It is well known, that the specific heat capacity during phase transition is two orders of magnitude higher than for the mixed liquid and solid phase [41] [42] [43] [44] due to latent heat of the heat transition. It means that solid-liquid state is thermodynamically preferable for the mantle matter and for the earthquake-hypocenter heat-transport.
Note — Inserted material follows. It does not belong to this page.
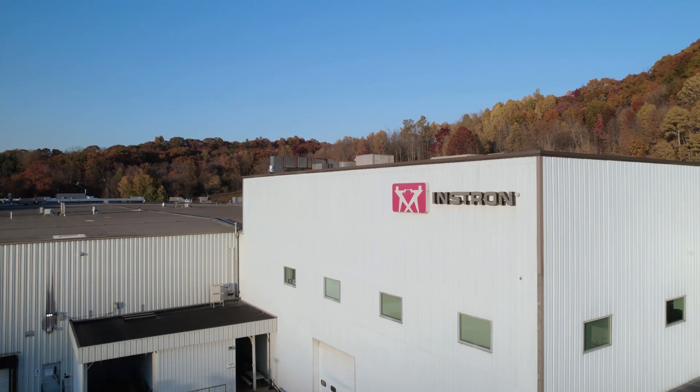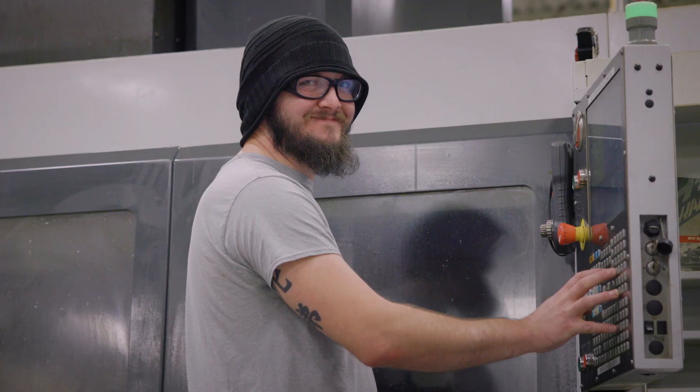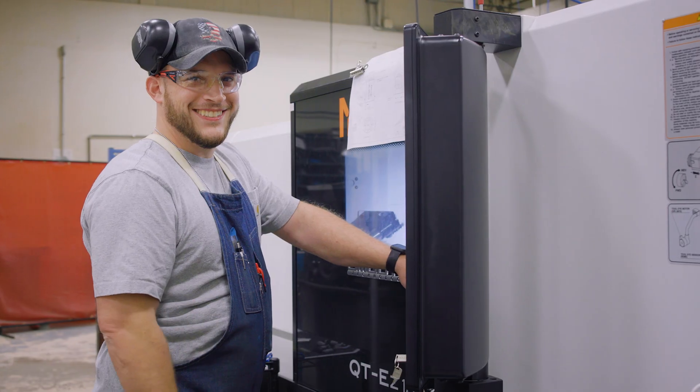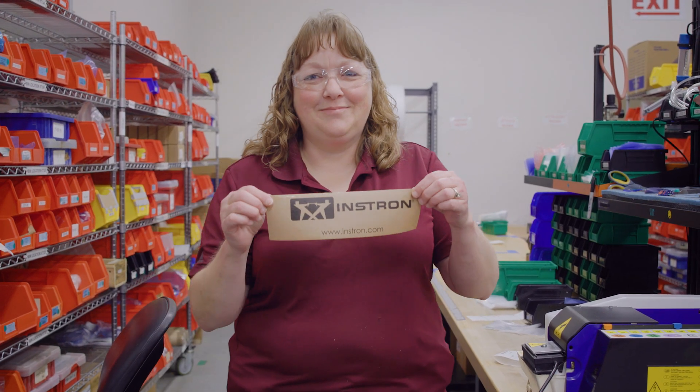At Instron, quality is more than a process — it's a commitment. Behind every Instron product is a team dedicated to manufacturing best-in-class testing equipment you can trust to protect your brand and your operators. Instron: the difference is measurable.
Multiphase structure is preferable also for the matter-transport due to significantly higher flexibility and super-elasticity during phase transition [43] [44] .

Thermal-current loops at the phase boundaries can enhance the local magnetic field created by the matter flows and by physicochemical processes.

$B={\displaystyle {\sum }_1^n{\displaystyle \underset{-}{\int }\frac{{\mu }_0}{4\pi r_n^2}}}\ast \text{d}{l}_n\ast {\widehat{r}}_n$ (2)

where: B is magnetic field intensity (a vector); dl_n is differential element of the current in the direction of the corresponding current (vector); r is distance from the current to the point of magnetic field measurement; ${\widehat{r}}_n$ is the unit vector from the current element to the point of magnetic field measurement.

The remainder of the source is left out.